= Sister Luisa Capomazza =

Italian painter

Sister Luisa Capomazza (c. 1600 - 1646, Naples) was an Italian painter of religious subjects and landscapes. Though her career and work has been documented by Bernardo de Dominici, there is a lack of identified paintings attributed to her. She is described by de Dominici as having “nobly enjoyed herself with painting, with which she was exceedingly in love.”

== Early life and education ==
Luisa Capomazza was well educated. Though she did not come from a family of artists, her education likely included instruction in drawing. Her talent was realized when she copied a figure of St. John the Baptist in charcoal. She may have learned painting from Mariangiola Criscuolo or from Pompeo Landulfo, though de Dominici suspects that she was a student of Giovanni Antonio Santoro. She continued to improve her painting and created several sacred images before she was twenty years old.

According to de Dominici, her beauty attracted several marriage proposals which she refused. He wrote that she was only dedicated to painting, and was unconcerned with her appearance as well as issues of marriage. Thus, she took religious vows with her father's approval.

== Religious life and art ==
Though Sister Luisa Capomazza took her vows, she was not a member of a cloistered order. According to her biographer, her aim of becoming a nun was prompted more by her desire for freedom than by a religious calling. She began by painting in “a very sweet style” and many of her images were for private patrons. She also painted altarpieces for the churches of Santa Chiara and Gesù e Maria in Naples. De Dominici describes one of her paintings as “the Virgin with the Christ-child at her breast, seated in a rich chair above the clouds, surrounded by a multitude of angels, and below there are the Cardinals St. Charles Borromeo and St. Bonaventure, who kneel adoring the celestial vision.” Her other painting of St. Francis receiving the stigmata was signed by her and dated 1621.

Capomazza was also commissioned to paint landscapes, which de Dominici praised.
According to Julia Dabbs, Capomazza was one of the first modern women to have addressed this subject matter. It is important to understand that observation would have been difficult in her position, as her movement would have been restricted as a nun. However, it is unknown where she learned to paint landscapes. Though de Dominici praises her landscapes, he is critical of her other work for lacking the skill to represent the human figure accurately.

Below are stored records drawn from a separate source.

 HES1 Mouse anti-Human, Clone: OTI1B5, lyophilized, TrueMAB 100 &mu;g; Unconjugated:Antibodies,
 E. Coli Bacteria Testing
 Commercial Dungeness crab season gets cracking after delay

== Later life and death ==
According to de Dominici, Sister Luisa Capomazza improved her painting with study and practice. Some of her work was moved to other places, such as sacristies and monasteries. When she was middle aged, she fell ill and found it difficult to paint. She died in 1646 and left her possessions to her niece.

== Bibliography ==
- Gaze, Delia, edited. Dictionary of Women Artists. vol. 1. London and Chicago: Fitzroy Dearborn Publishers, 1997.
- Dabbs, Julia K. Life Stories of Women Artists, 1550-1800: An Anthology. Surrey, England/ Burlington, VT: Ashgate Publishing, 2009.
- de Dominici, Bernardo. “The Life Story of Sister Luisa Capomazzo.” In Life Stories of Women Artists, 1550-1800: An Anthology, edited by Julia K. Dabbs. 234–238. Surrey, England/ Burlington, VT: Ashgate Publishing, 2009. Originally published in Vite de pittori, scultori ed architetti napoletani vol. 3 (1743; Bologna. 1971).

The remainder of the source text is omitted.